Living in a city, living on top of each other, I think it’s easy to get impatient and somewhat claustrophobic. Carrying out my own little experiment in the last couple of months has brought with it some striking revelations.
I wanted to test the waters – does being nice to people make them nicer to you?
So to test this, I carried out the following experiments, firstly I would be ‘impatient’ with people, not overtly rude, but instead show my disapproval to something I found they were doing annoying. Then following on from this, for the remaining weeks I would put effort in to be nicer than necessary e.g. smiling at a stranger in the park, asking an eldelry person if they needed help carrying their groceries and so on…..
This is how it unfolded:
The Supermarket Face Smasher
If you read my post on pet peeves then you’ll know my utmost deteste for queue jumpers, almost as much as I hate when someone shoulder barge me to get out of the queue. Lining up at the self-checkout a random woman decides she no longer wants to be in the queue, which is fine (I thought). She proceeds to try and exit the queue through the most awkward of routes, squeezing passed everyman man, woman and child still in the queue instead of just going through the self checkouts. As she passes me in the queue she almost knocks me flying.
This is where I have a decision to stfu or say something, as it’s the mean experimental month I utter ‘you could’ve said excuse me’, she then says ‘excuse me’ in an aggressive tone to which I repeat ‘you could’ve said excuse me’ her next comment was ‘I’ll smash your face in!’ Security de-escalated the issue pretty quickly but let’s just say you can’t judge a book by it’s cover. She may have looked like your plain Jane but really probably is the kind of person who acts like their sh*t doesn’t stink and would quite happily lock their husband/wife up in the downstairs basement for not hoovering the floor by the time they got back from strangling their colleague at work.

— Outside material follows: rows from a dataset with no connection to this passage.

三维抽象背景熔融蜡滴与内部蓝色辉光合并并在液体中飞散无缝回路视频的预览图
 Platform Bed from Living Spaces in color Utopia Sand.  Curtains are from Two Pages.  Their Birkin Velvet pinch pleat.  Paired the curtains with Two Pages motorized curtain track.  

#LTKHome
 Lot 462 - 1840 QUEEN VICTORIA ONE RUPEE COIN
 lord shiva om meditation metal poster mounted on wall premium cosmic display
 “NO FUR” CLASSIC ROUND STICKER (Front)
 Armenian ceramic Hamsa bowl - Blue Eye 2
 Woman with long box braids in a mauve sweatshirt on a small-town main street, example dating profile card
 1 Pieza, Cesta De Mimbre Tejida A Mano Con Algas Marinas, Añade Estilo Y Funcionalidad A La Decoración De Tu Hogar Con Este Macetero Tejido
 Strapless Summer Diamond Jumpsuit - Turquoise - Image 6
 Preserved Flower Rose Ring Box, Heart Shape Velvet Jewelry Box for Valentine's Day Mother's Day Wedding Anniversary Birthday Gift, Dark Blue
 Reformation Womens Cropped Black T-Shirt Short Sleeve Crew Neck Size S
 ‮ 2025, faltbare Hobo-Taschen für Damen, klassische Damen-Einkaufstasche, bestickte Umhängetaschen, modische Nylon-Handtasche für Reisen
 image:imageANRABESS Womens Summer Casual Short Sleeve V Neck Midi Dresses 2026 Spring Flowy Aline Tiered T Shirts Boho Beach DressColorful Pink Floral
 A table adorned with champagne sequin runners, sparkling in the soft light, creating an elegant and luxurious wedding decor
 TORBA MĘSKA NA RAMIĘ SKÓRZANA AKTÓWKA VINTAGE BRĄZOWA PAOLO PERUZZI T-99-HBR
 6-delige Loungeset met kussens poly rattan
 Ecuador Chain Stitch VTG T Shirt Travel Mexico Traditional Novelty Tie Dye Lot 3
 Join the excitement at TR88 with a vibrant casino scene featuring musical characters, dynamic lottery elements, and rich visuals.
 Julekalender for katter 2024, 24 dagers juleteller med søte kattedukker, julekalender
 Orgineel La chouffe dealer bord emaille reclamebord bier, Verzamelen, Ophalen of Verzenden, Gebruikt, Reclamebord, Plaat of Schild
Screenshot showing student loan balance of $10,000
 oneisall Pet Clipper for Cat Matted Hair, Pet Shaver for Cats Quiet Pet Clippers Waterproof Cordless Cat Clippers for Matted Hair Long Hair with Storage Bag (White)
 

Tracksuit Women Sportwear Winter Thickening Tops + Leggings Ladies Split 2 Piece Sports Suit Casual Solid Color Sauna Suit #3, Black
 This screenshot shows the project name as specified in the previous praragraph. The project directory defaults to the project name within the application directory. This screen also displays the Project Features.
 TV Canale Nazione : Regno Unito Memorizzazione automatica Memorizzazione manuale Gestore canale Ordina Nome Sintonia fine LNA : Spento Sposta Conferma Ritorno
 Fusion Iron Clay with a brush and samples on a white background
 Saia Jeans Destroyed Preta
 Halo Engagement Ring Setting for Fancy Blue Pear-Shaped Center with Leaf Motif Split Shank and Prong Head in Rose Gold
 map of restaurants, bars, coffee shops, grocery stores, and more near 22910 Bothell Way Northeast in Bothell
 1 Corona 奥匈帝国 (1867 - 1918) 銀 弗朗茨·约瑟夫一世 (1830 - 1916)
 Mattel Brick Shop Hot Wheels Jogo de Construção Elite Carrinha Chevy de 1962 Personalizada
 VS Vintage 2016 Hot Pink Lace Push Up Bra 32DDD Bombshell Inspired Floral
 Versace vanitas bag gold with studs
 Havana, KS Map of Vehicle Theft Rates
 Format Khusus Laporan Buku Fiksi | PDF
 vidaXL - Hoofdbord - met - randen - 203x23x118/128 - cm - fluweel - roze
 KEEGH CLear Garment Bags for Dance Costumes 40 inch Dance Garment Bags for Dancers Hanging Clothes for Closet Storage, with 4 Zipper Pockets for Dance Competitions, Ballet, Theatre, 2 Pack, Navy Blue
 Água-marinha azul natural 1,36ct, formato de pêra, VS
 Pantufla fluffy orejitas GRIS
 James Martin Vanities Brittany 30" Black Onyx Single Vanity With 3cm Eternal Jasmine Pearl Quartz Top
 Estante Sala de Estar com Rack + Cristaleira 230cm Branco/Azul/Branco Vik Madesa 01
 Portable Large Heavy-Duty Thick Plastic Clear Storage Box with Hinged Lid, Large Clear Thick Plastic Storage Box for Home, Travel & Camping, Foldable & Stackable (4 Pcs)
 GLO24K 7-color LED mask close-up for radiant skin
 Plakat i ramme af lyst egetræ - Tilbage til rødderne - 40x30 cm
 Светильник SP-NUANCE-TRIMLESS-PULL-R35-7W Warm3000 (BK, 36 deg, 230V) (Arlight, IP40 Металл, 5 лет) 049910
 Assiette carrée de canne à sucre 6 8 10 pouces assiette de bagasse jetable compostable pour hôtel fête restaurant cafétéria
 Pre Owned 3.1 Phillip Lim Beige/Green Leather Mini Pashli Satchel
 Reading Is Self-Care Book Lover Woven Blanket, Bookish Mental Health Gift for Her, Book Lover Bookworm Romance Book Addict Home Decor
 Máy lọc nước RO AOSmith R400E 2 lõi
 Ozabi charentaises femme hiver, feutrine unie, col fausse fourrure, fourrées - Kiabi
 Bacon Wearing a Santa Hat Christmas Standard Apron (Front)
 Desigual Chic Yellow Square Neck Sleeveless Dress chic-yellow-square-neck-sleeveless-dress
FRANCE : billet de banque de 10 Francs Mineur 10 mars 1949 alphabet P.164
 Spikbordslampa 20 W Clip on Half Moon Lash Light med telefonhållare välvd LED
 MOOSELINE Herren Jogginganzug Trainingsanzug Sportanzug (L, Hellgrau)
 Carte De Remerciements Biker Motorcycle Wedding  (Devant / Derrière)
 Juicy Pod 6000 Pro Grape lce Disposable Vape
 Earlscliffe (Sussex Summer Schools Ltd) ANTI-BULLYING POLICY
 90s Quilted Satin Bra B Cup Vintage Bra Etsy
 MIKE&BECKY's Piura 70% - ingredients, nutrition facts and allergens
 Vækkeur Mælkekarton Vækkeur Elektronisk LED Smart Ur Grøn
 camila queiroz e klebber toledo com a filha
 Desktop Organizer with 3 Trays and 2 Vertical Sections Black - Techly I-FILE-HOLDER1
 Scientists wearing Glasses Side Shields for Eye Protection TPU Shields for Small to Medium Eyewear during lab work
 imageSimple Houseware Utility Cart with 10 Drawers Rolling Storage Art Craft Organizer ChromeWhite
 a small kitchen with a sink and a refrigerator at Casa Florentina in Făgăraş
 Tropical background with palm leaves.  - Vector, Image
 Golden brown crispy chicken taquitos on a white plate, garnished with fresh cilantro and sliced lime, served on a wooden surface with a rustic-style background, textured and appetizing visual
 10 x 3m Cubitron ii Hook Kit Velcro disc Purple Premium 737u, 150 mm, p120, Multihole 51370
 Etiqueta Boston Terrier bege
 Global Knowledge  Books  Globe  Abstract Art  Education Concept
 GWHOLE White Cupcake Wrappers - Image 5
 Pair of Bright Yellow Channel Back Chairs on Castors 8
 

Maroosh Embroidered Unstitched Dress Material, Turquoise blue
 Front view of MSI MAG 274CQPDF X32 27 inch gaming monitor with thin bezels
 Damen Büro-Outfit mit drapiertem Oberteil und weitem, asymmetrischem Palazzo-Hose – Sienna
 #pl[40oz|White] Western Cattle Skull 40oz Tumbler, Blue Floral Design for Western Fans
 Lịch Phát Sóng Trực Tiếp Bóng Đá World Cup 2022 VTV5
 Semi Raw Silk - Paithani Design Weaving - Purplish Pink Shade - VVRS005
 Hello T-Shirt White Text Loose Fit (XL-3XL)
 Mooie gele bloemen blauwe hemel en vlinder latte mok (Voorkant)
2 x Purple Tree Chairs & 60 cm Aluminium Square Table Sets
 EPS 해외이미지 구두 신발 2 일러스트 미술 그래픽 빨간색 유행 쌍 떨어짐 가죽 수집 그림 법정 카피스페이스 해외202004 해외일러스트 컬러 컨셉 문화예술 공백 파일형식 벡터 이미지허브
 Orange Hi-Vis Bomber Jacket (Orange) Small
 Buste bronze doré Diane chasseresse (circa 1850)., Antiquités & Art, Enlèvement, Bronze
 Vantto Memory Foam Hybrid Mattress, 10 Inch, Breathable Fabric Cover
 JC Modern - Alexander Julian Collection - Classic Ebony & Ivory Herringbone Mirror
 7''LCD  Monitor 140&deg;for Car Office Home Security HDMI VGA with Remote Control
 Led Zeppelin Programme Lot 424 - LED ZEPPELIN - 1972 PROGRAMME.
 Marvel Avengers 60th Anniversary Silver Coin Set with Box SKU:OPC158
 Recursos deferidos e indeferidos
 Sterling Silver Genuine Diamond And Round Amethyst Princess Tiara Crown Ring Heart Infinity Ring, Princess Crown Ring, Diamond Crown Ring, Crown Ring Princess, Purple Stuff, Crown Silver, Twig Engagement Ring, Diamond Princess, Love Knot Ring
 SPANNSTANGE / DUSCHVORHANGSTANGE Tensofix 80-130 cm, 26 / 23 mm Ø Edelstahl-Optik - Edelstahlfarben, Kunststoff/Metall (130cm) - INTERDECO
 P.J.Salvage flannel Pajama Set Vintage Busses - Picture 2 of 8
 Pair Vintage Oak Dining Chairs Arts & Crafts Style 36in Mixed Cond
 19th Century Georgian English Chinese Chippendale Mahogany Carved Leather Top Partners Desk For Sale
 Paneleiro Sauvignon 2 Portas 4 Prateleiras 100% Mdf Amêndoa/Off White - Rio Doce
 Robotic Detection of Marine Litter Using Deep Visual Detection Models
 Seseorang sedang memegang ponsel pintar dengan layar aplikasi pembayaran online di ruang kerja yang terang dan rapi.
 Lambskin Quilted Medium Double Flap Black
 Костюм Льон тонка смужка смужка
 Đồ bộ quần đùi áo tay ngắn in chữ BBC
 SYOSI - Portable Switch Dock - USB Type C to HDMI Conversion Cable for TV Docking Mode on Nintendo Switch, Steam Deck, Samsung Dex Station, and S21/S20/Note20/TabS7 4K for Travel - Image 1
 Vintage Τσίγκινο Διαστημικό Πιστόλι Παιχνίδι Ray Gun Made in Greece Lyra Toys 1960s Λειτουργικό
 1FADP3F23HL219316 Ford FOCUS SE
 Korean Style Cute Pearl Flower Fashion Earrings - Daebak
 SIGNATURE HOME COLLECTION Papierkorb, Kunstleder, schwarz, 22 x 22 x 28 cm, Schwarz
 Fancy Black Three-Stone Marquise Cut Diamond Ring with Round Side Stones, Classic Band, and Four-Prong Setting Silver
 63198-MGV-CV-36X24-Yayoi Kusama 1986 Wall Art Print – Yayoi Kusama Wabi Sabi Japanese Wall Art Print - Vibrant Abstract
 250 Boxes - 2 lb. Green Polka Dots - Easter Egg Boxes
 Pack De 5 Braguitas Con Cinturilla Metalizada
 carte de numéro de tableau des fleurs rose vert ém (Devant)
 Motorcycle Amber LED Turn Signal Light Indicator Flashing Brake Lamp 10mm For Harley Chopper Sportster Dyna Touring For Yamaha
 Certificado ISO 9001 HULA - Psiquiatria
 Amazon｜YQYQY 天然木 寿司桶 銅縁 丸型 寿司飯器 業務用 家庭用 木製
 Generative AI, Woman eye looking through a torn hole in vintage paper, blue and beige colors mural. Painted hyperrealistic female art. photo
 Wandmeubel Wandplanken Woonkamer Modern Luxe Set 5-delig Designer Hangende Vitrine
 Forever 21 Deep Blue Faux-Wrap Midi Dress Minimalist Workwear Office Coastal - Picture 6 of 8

Note to experiment – don’t judge a book by it’s cover. Should I have said something? I think not!
Tut Tut Tut
Train etiquette for anyone with manners is – if you’re at the platform waiting for someone to get on then you wait until anyone exiting the train carriage has gotten OFF! Obviously some ignorant individuals didn’t get the memo because as I approached the exit doors of the train all I could see was this keen bean of an ignoramus prancing up onto the carriage just as the doors were opening, I try to step off but he basically baracades me in the carriage, I swerve passed him tutting as loud as a jet engine into his left ear, to which he responds with an inferior tut, I then wanted to have the last tut so I tut again, he then looks round at me as the train doors are closing, he, now inside the carriage and me on the platform tuts again, I watch the train pull off now unable to see him clearly as the windows are slightly blacked out but still stubborn I gave one final tut and walked off laughing at both of our pettiness.
Tutting wars! I’m sorry but this guy was all self with – ‘I want on the train, I don’t care if I block you getting off, blah blah blah’ marked across his forehead.
Should I Have tutted? No (I should’ve fly-kicked him back out the train doors).
The list of petty squabbles goes on ashamedly, but all for the name of science!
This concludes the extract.